VMS users should note that the tape reading script only works under unix.
In the next ftools release (mid-July 1994) there will be a special ASCA
tape reading ftool that supports both VMS and unix platforms (this ftool
will also simplify reading the ASCA data tapes). In the meantime, VMS users
expecting a data tape in the next two months should contact the ASCA GOF
and we will send a VMS backup tape instead. 

6) ASCA Publications 

The first ASCA paper appeared recently in Nature:

 X-ray Identification of the Soft Gamma-ray repeater 1806-20 
                - Murakami et al (1994, Nature, 368, 127)

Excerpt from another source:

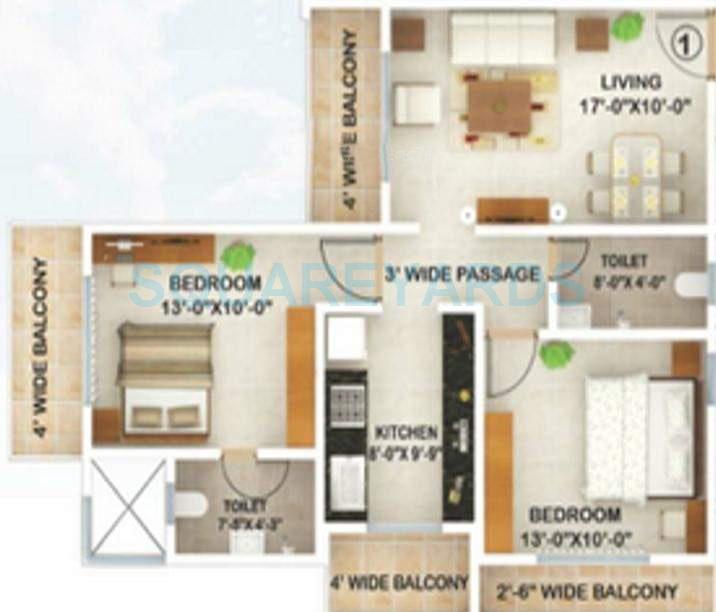 Floor plan of 2 BHK 1035 Sq. Ft. Apartment in Ajmera Nirvana, Mumbai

A special ASCA issue of the Publications of the Astronomical Society of
Japan, PASJ, is due out in June 1994 with the following papers:
 
 The X-ray Satellite ASCA - Y. Tanaka et al
 
 Discovery of an Obscured Low Luminosity Active Nucleus in the
  Spiral Galaxy NGC4258 - K. Makishima et al
 
 X-ray Spectroscopy of SNR E0102-72 with the ASCA Satellite - I. Hayashi et al
 
 An ASCA Observation of One Orbital Cycle of AR Lac - N.E. White et al
 
 The Broad Band X-ray Spectrum of SN1978k and Two Other Luminous
  X-ray Sources in the Spiral Galaxy NGC1313 - R. Petre et al
 
 ASCA Observations of NGC1068 - S. Ueno et al
 
 ASCA Observations of Three Bright Early-type Galaxies, NGC4472,
  NGC4406, and NGC4636 - H. Awaki et al
 
 A Non-Thermal X-Ray Spectrum from the Supernova Remnant W50 - S. Yamauchi et al
 
 Resolving the Cygnus X-3 Iron K Line - S. Kitamoto et al
 
 The X-ray Emission of 3C273 Observed with ASCA - T. Yaqoob et al
 
 ASCA Observations of Two High Redshift Quasars: Evidence for
  Complex Continuum Emission - P. Serlemitsos et al
 
 Metal Concentration and X-Ray Cool Spectral Component in the 
  Central Region of the Centaurus Cluster of Galaxies - Y. Fukazawa et al
 
 ASCA Observations of the warm absorber in MCG 6-30-15; the
  Discovery of a Change in Column Density - A.C. Fabian et al
 
 ASCA Observations of Hard X-ray Emission from the Rho Ophiuchi
  Dark Cloud - K. Koyama et al
 
 ASCA Observations of the Wolf-Rayet Binary HD 193793 - K. Koyama et al
 
 Plasma Structure of the North-East Rim of the Cygnus Loop 
  Observed with ASCA - E. Miyata et al
 
 The ASCA PV Phase Observation of FO Aquarii - K. Mukai et al
 
 Observations of EX Hydrae with ASCA - M. Ishida et al
 
More papers that were too late for this issue will appear in the 
August PASJ. A special issue of the Astrophysical Journal Letters is
planned for November this year, where a further 15-20 papers will 
appear (including the first guest observer results).